Quanto, afinal, você precisa acumular para a sua aposentadoria? Vamos fazer uma simulação com investimentos muito longos, que remuneram a taxas mais altas.

No começo de 2019, o rendimento das notas do tesouro, protegidas da inflação, com vencimento em 2050, estava em aproximadamente 5,5% anuais. Em linhas gerais, um capital de cerca de R$ 4,5 milhões resultaria em rendimentos mensais de R$ 20 mil, protegidos da inflação. É bastante dinheiro para juntar.

Passaram-se doze meses, e cá estamos em dezembro de 2019. Neste momento, essas mesmas notas estão negociando a um rendimento de cerca de 3,5% anuais. Para a mesma renda mensal de R$ 20 mil reais, agora você precisa acumular quase R$ 7 milhões.

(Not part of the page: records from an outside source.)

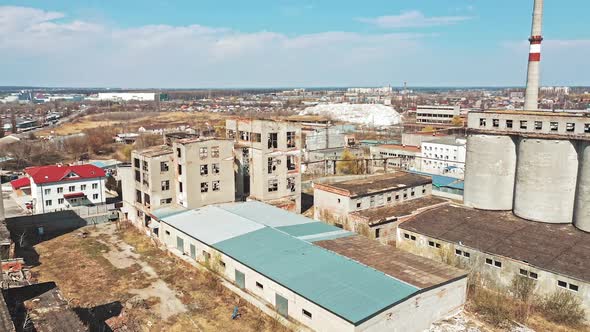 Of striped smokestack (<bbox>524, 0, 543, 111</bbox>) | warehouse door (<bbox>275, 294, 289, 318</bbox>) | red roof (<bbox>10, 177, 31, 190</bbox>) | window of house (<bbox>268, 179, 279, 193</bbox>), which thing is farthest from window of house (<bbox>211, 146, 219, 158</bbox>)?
striped smokestack (<bbox>524, 0, 543, 111</bbox>)

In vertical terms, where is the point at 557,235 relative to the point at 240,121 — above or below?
below

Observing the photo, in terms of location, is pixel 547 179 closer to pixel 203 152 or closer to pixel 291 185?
pixel 291 185

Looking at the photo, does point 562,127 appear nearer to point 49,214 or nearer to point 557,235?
point 557,235

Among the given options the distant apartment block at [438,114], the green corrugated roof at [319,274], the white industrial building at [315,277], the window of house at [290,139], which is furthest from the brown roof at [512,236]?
the distant apartment block at [438,114]

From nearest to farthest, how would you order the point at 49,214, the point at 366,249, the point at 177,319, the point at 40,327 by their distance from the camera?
the point at 40,327 < the point at 177,319 < the point at 366,249 < the point at 49,214

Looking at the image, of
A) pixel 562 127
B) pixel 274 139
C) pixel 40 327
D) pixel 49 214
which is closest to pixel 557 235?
pixel 562 127

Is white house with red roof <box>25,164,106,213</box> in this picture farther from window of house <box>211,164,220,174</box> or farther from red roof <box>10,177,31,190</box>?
window of house <box>211,164,220,174</box>

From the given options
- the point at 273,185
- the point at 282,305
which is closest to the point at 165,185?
the point at 273,185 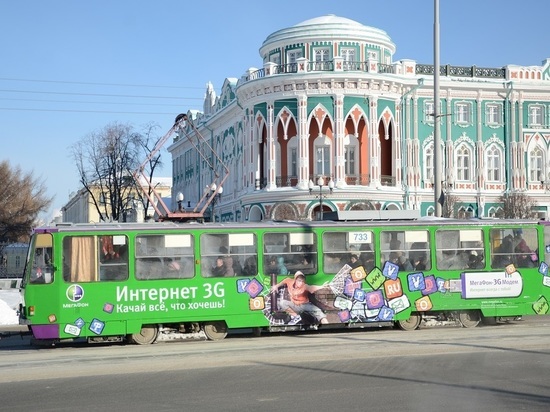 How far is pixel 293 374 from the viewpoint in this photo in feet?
47.4

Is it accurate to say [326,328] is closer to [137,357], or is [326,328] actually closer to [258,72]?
[137,357]

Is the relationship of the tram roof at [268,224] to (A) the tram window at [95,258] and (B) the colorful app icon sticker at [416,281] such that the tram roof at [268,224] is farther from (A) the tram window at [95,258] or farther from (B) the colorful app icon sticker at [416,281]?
(B) the colorful app icon sticker at [416,281]

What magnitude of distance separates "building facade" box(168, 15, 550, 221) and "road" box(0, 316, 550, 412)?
2964 centimetres

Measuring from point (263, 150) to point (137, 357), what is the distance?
1464 inches

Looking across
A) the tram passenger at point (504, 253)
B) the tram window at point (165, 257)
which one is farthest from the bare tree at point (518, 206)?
→ the tram window at point (165, 257)

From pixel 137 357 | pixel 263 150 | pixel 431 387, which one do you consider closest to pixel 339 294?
pixel 137 357

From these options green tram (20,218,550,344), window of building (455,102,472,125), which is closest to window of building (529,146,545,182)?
window of building (455,102,472,125)

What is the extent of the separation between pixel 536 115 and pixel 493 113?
3.11m

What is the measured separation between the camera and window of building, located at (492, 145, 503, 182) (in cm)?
5669

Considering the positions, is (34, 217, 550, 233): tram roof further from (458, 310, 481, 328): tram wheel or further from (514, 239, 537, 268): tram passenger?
(458, 310, 481, 328): tram wheel

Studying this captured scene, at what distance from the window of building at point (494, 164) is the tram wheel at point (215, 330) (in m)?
39.0

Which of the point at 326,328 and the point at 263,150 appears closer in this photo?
the point at 326,328

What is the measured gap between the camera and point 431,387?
12930 mm

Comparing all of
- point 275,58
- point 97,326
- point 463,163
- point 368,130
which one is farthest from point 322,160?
point 97,326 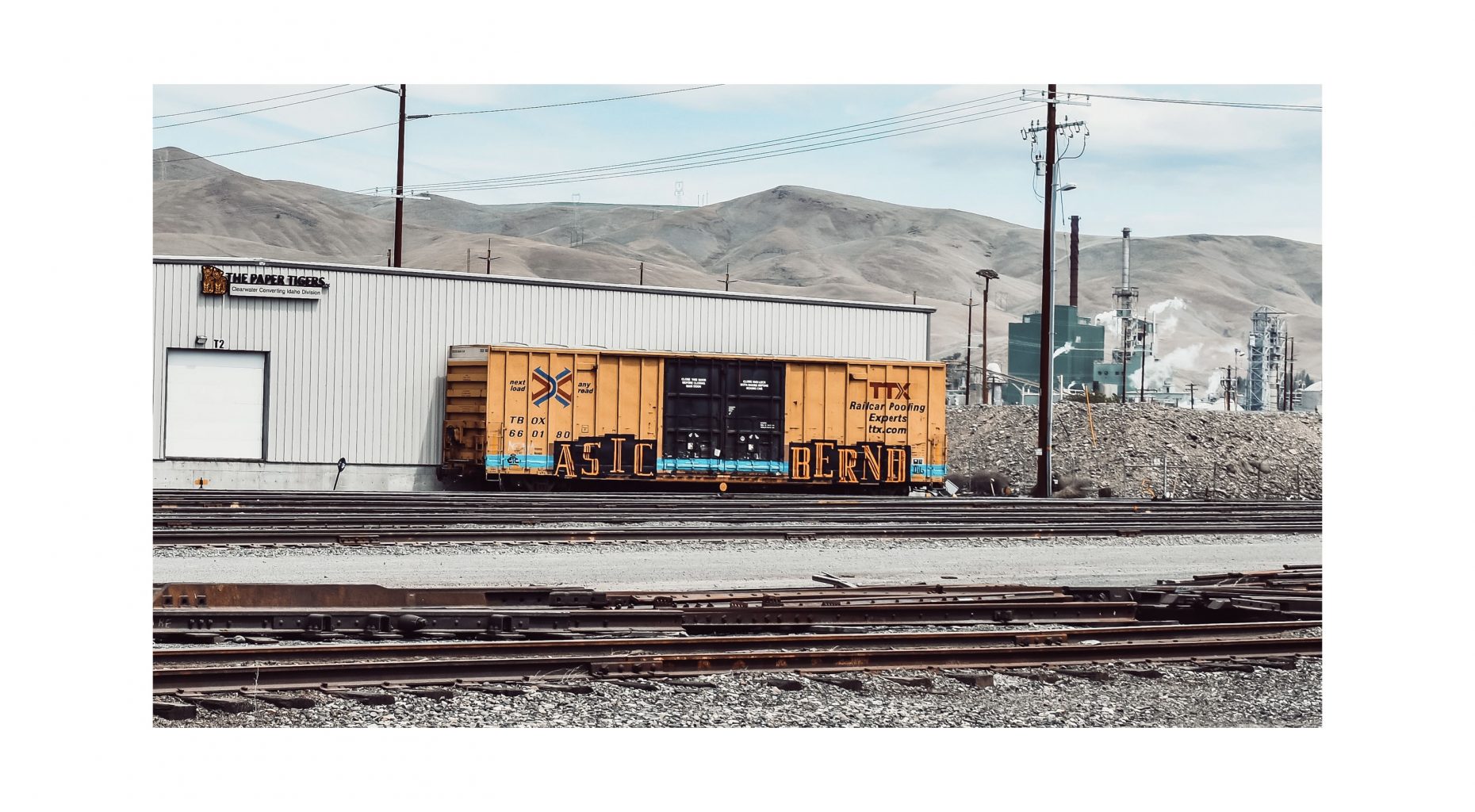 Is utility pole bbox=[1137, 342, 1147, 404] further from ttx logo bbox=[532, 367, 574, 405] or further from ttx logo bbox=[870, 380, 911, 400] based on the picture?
ttx logo bbox=[532, 367, 574, 405]

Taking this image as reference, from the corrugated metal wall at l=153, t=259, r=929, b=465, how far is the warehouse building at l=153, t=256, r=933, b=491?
1.0 inches

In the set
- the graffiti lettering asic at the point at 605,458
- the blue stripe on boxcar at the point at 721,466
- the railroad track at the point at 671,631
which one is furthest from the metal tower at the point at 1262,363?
the railroad track at the point at 671,631

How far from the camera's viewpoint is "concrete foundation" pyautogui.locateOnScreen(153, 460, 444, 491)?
2770 centimetres

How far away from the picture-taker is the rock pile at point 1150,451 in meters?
36.2

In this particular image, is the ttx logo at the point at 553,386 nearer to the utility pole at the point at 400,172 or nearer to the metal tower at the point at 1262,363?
the utility pole at the point at 400,172

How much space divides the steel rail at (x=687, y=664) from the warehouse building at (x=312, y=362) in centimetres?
2099

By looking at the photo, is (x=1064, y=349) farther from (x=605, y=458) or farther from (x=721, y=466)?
(x=605, y=458)

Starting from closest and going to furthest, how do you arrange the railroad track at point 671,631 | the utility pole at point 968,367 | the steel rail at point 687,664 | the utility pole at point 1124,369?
the steel rail at point 687,664 < the railroad track at point 671,631 < the utility pole at point 968,367 < the utility pole at point 1124,369

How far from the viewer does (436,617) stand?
384 inches

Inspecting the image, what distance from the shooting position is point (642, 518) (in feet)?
64.6

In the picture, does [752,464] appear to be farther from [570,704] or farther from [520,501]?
[570,704]

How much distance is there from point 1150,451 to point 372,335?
75.2ft

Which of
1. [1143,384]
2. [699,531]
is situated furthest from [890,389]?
[1143,384]

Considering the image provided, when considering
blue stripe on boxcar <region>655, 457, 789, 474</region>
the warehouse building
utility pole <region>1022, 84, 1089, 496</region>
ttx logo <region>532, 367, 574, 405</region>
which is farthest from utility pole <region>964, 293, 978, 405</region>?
ttx logo <region>532, 367, 574, 405</region> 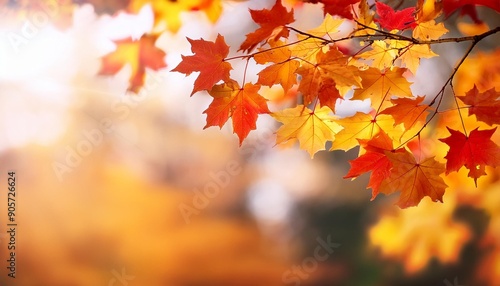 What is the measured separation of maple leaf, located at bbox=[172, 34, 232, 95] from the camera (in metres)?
0.69

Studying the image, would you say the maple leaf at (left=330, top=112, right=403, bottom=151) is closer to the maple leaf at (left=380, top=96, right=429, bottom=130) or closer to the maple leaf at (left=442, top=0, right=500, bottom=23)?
the maple leaf at (left=380, top=96, right=429, bottom=130)

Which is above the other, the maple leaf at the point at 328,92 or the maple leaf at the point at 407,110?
the maple leaf at the point at 328,92

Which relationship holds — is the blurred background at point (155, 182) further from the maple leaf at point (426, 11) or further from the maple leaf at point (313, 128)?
the maple leaf at point (426, 11)

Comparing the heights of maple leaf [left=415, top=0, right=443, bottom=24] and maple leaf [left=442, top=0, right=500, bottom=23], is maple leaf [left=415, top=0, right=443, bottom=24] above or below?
below

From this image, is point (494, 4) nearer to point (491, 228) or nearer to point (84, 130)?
point (491, 228)

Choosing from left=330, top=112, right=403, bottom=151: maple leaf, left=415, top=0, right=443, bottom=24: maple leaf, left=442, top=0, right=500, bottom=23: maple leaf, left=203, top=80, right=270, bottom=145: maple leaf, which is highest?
left=442, top=0, right=500, bottom=23: maple leaf

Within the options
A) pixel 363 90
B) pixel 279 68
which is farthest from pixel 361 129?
pixel 279 68

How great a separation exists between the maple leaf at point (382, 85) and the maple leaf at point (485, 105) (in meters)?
0.08

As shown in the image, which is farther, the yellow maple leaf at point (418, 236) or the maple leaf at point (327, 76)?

Um capital quase 60% maior, para exatamente o mesmo rendimento!

Se você estiver chegando na idade de sua aposentadoria, o que fazer? Não há mais tempo para acumular tanto capital excedente. A alternativa óbvia é correr para investimentos mais arriscados: fundos imobiliários, fundos de investimento, ações, entre tantas outras classes disponíveis ao investidor. Outra é se conformar com rendimentos mais baixos, e ajustar seus custos de vida de acordo com a nova realidade. Também existe a possibilidade de postergar, por mais alguns anos, a saída definitiva do mercado de trabalho.

Agora, se você é jovem, ainda tem um longo horizonte para ajustar o capital a ser acumulado. Vale planejar bem suas despesas, pensar bem seus rendimentos, e refletir sobre suas necessidades. É um exercício essencialmente pessoal.

Mais do que isso, é importante saber: a única certeza é que a situação atual não é estática. De onde estão, os juros podem ir para baixo ou para cima. Se forem para cima, provavelmente teremos uma correção do preço dos ativos, e oportunidades de melhor remuneração do capital. Se para baixo, experimentaremos o contrário. Mas se convergirmos, em alguns anos, para patamares de juros europeus ou japoneses, não há matemática que funcione: viver de renda será uma realidade tão fantasiosa como a das histórias do Tio Patinhas.